For physicians — in communities both urban and rural, in hospitals, clinics, and independent practices—a workforce shortage contributes to burnout, inability to take on new patients, shortened visit times, financial challenges, and increased administrative burden.
AAFP has consistently advocated in support of federal policies to address the shortage and maldistribution of adult and pediatric primary care, psychiatric, and other high-need specialties.
What we’re working on:
- AAFP supports the bipartisan Lower Costs, More Transparency Act, which includes reauthorization for seven years of the Teaching Health Center Graduate Medical Education program and will ensure that Medicare and its beneficiaries are paying the same rates for physician-administered drugs in off-campus hospital outpatient departments as they do in physician offices.
- AAFP and the American Academy of Pediatrics, the American College of Obstetricians and Gynecologists, the American College of Physicians, the American Osteopathic Association, and the American Psychiatric Association sent a joint letter to Congress urging investment in a strong primary care workforce and enactment of policies including:
- The Conrad State 30 and Physician Access Reauthorization Act, which allows physicians who complete their residency in the U.S. to waive the requirement to return home for two years if they agree to practice in an underserved area for three years;
- Long-term reauthorization of the THCGME program or the Doctors of Community (DOC) Act; the THCGME program helps to attract and retain physicians in rural and medically underserved communities while addressing the issue of physician maldistribution;
- The Mental Health Professionals Workforce Shortage Loan Repayment Act of 2023, which would make mental health practitioners eligible for the loan repayment program passed in the SUPPORT Act five years ago;
- The Resident Education Deferred Interest (REDI) Act, which would allow borrowers to qualify for interest-free deferment on their student loans while in a medical or dental internship or residency program; and
- The Rural Physician Workforce Production Act, which would lift the current cap on Medicare reimbursement payments to rural hospitals that cover the cost of taking on residents, to alleviate the disadvantage that rural hospitals face when recruiting new medical professionals.

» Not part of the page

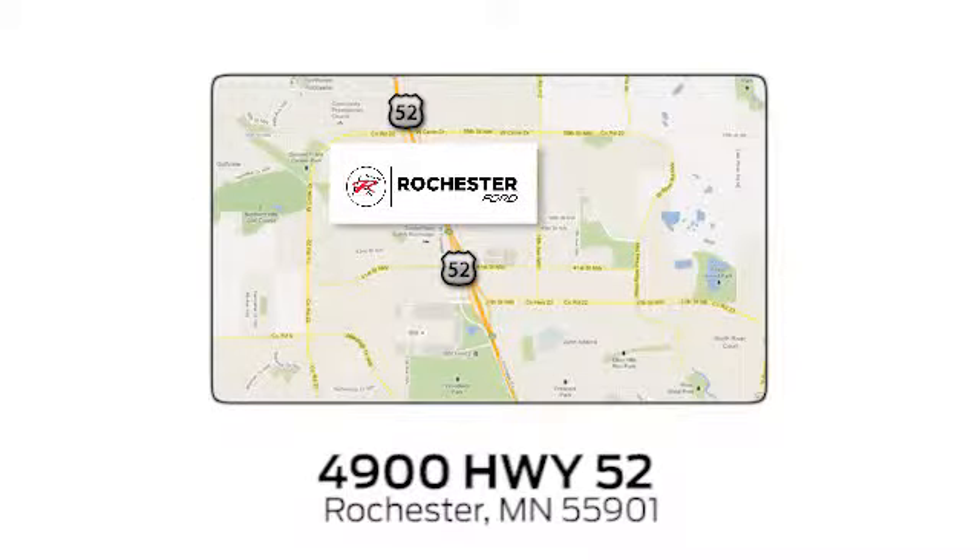Experience the difference at Rochester Ford. We're conveniently located between 41st Street and 55th Street, Northwest on Highway 52 in Rochester, Minnesota.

AAFP weighs in on telehealth prescribing of controlled substances
Why it matters:
Millions of patients live in health shortage areas and face months-long waits for an in-person appointment, leaving them reliant on telehealth appointments to access care. That’s why the AAFP recommends permanent telehealth prescribing regulations that prioritize established patient-physician relationships while facilitating equitable access to care for our patients.
AAFP Board Chair Sterling Ransone, M.D., participated in a public listening session with the Drug Enforcement Agency to discuss telehealth prescribing of controlled substances. In the session, Ransone reiterated the AAFP’s recommendations that the DEA should not impose additional telehealth prescribing restrictions for controlled substances on physicians who have already established a patient relationship through an in-person visit.
What we’re working on:
- AAFP recently provided comprehensive comments, sharing support for guardrails that protect the patient-physician relationship and patient safety but also raising concerns about how the rules could result in significant burden and strain for both patients and physician practices.
- AAFP recommends that the DEA permanently allow telehealth-only prescribing of buprenorphine for the treatment of opioid use disorder.
- AAFP opposes discrimination against patients receiving sexually transmitted infection specific therapies, such as PrEP and PEP for HIV, in obtaining health-related services and life, health, or disability insurance. We also recognize the need for continued public and professional education about STIs, with an emphasis on prevention.